Walter Krämer / 31.10.2018 / 06:20 / Foto: None / 22 / Seite ausdrucken

Erfolgreiche Gesichts-Erkennung? Von wegen!

Die Unstatistik des Monats Oktober ist die Pressemitteilung des Innenministeriums über das „erfolgreiche“ Projekt zur automatischen Gesichtserkennung mit einer Trefferrate von über 80 Prozent und Falsch-Alarm-Rate von unter 0,1 Prozent.   

Das Bundesministerium des Innern, für Bau und Heimat führte im Rahmen des gemeinsamen Pilotprojektes "Sicherheitsbahnhof Berlin Südkreuz" gemeinsam mit der Bundespolizei und der Deutsche Bahn AG einen Test von drei Gesichtserkennungssystemen am Bahnhof Südkreuz in Berlin durch. Das Bundeskriminalamt beriet hierbei. Bundesinnenminister Horst Seehofer war begeistert: „Die Systeme haben sich in beeindruckender Weise bewährt, so dass eine breite Einführung möglich ist“.

tagesschau.de wiederholte am 11. Oktober kritiklos zwei Zahlen, die den Erfolg des Projekts belegen sollten: Erstens, eine Trefferrate 80 Prozent, das heißt, von je 10 Gesuchten (Testpersonen) wurden 8 richtig erkannt und 2 nicht. Zweitens, eine Falsch-Alarm-Rate von 0,1 Prozent, das heißt, von je 1.000 Normalbürgern (die nicht als Testpersonen teilnahmen) wurden 999 als unverdächtig und einer fälschlicherweise als gesuchte Person klassifiziert.
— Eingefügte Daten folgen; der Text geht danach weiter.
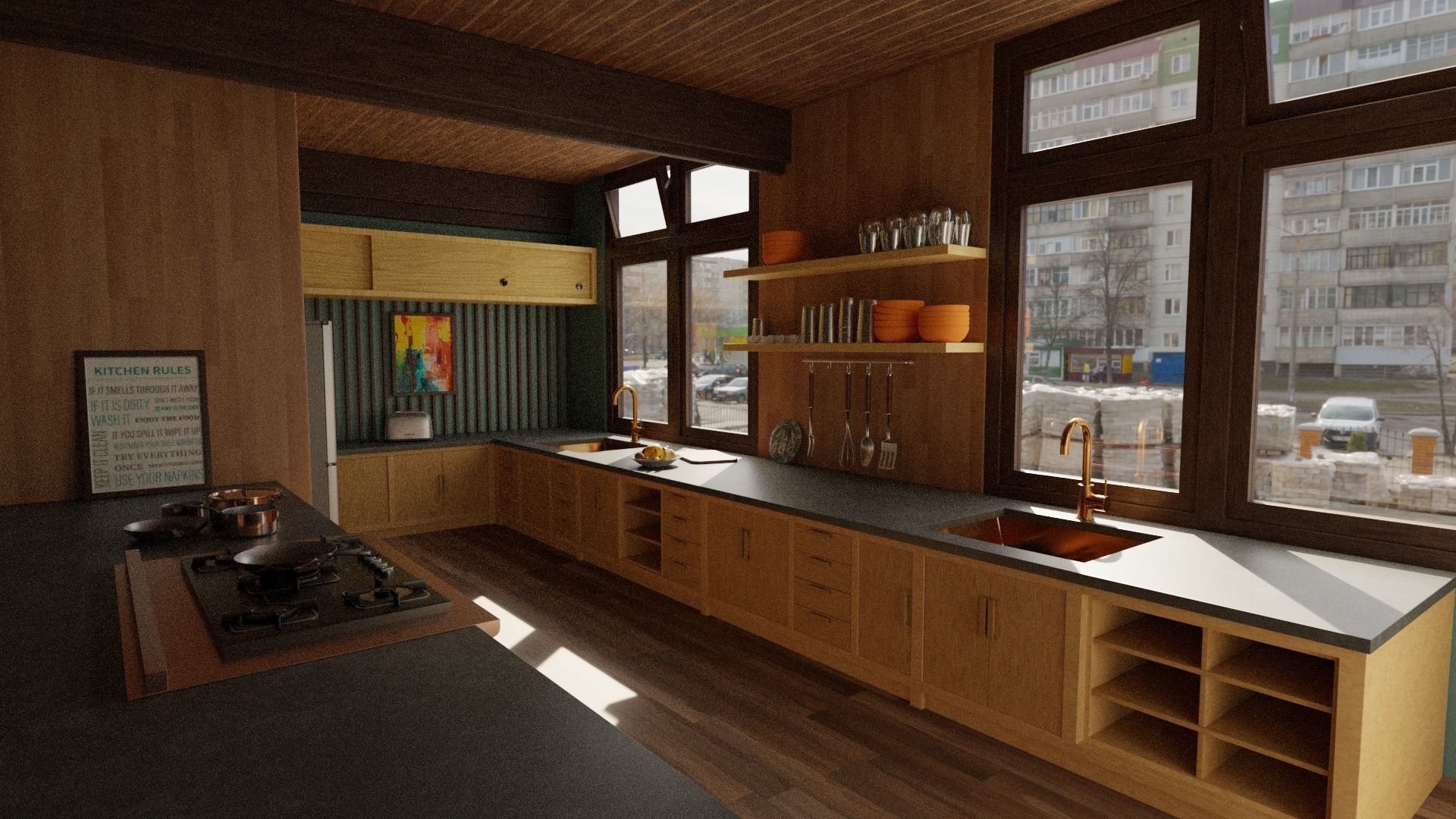 Moduler Kitchen 3D Model  Blender  Maya OBJ  GLB  FBX  MTL 3D model_2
Das klingt doch gut! Also so schnell wie möglich auf allen Bahnhöfen Kameras mit Gesichtserkennung installieren, um uns vor den rund 600 als gefährlich eingestuften Islamisten und anderen gesuchten Personen zu schützen. Oder gleich wie in China die totale Überwachung aller Bürger auf allen Straßen, öffentlichen Plätzen und Gebäuden einführen?

Als Treffer zählte schon, wenn eines der drei Systeme anschlug

Ein genauer Blick in den Abschlussbericht zeichnet ein anderes Bild. Keines der drei getesteten Systeme hat eine Trefferquote von 80 Prozent über beide Testphasen hinweg erreicht; die 80 Prozent sind auch nicht der Durchschnitt der drei Systeme. Diese Zahl bekam man nur nachträglich, indem man die Treffer aller drei Systeme addierte (das heißt, wenn mindestens eines der Systeme einen Treffer hatte, galt das als Treffer).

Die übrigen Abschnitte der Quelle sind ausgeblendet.